● **TASK TO CARRY OUT**
From the entries below, write out exactly the lines between the line holding "宝马内饰拆卸指南，轻松掌握车辆内部件拆卸技巧" and the line holding "منع نقل المواشي", inclusive, excluding any pictures.

● **RECORDS SUPPLIED**
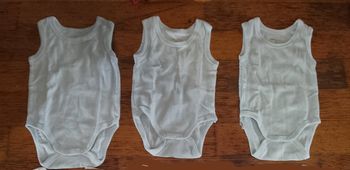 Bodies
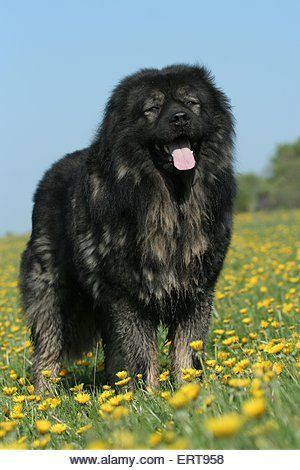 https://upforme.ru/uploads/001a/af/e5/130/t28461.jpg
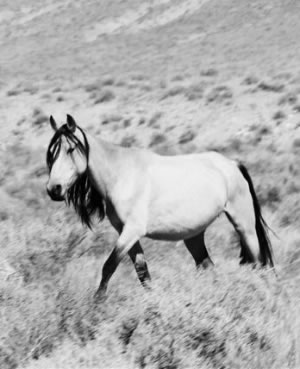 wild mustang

---

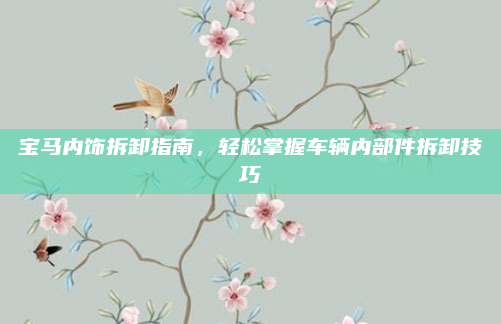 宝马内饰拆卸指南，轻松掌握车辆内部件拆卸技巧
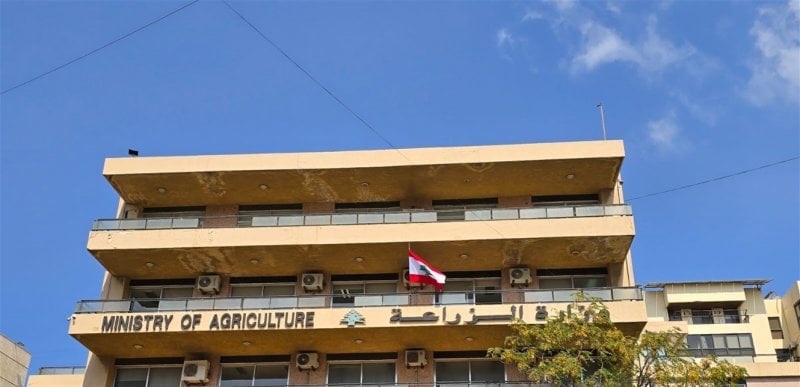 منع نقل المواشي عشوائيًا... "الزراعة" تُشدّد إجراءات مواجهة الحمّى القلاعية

● **ANSWER SPACE**
 宝马内饰拆卸指南，轻松掌握车辆内部件拆卸技巧
 منع نقل المواشي عشوائيًا... "الزراعة" تُشدّد إجراءات مواجهة الحمّى القلاعية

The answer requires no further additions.